─── DATASET RECORDS

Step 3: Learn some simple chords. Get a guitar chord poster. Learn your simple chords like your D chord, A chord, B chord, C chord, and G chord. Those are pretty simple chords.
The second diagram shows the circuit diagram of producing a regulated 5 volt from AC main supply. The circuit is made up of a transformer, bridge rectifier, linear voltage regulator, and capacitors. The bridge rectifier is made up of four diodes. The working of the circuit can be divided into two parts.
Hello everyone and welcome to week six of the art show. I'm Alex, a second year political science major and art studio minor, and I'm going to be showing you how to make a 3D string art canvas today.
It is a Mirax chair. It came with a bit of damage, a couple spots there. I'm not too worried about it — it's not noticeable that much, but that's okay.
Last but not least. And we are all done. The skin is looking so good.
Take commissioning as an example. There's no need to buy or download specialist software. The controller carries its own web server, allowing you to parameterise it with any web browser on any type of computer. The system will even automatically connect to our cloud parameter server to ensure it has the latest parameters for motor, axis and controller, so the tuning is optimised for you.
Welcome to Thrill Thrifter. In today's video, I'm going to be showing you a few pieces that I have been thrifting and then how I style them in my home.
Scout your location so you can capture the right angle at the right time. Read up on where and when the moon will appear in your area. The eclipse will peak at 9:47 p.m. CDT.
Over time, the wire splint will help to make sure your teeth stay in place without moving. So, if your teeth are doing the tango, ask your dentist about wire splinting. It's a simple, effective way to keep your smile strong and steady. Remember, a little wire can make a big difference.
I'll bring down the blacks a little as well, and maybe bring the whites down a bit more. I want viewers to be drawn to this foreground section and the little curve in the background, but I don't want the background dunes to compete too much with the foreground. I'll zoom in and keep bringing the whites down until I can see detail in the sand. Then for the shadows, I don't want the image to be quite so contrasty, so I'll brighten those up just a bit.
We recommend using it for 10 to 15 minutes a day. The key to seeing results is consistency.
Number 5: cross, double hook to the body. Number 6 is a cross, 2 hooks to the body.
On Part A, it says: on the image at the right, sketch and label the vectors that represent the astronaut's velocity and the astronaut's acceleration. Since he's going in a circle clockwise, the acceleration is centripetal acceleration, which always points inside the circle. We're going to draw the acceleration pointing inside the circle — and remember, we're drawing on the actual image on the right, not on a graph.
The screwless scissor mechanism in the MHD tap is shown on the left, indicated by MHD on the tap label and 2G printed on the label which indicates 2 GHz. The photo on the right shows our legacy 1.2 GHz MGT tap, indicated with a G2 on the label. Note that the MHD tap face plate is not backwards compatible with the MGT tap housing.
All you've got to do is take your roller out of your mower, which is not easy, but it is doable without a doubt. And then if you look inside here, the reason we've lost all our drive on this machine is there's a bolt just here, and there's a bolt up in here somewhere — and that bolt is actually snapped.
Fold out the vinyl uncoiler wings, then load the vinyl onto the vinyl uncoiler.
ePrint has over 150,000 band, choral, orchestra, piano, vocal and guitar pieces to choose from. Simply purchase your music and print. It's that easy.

──────

- REQUIRED WORK -
Reproduce the lines of the records exactly, from the first one through the line that contains "Over time, the".

- SOLUTION FOR THIS PROBLEM -
Step 3: Learn some simple chords. Get a guitar chord poster. Learn your simple chords like your D chord, A chord, B chord, C chord, and G chord. Those are pretty simple chords.
The second diagram shows the circuit diagram of producing a regulated 5 volt from AC main supply. The circuit is made up of a transformer, bridge rectifier, linear voltage regulator, and capacitors. The bridge rectifier is made up of four diodes. The working of the circuit can be divided into two parts.
Hello everyone and welcome to week six of the art show. I'm Alex, a second year political science major and art studio minor, and I'm going to be showing you how to make a 3D string art canvas today.
It is a Mirax chair. It came with a bit of damage, a couple spots there. I'm not too worried about it — it's not noticeable that much, but that's okay.
Last but not least. And we are all done. The skin is looking so good.
Take commissioning as an example. There's no need to buy or download specialist software. The controller carries its own web server, allowing you to parameterise it with any web browser on any type of computer. The system will even automatically connect to our cloud parameter server to ensure it has the latest parameters for motor, axis and controller, so the tuning is optimised for you.
Welcome to Thrill Thrifter. In today's video, I'm going to be showing you a few pieces that I have been thrifting and then how I style them in my home.
Scout your location so you can capture the right angle at the right time. Read up on where and when the moon will appear in your area. The eclipse will peak at 9:47 p.m. CDT.
Over time, the wire splint will help to make sure your teeth stay in place without moving. So, if your teeth are doing the tango, ask your dentist about wire splinting. It's a simple, effective way to keep your smile strong and steady. Remember, a little wire can make a big difference.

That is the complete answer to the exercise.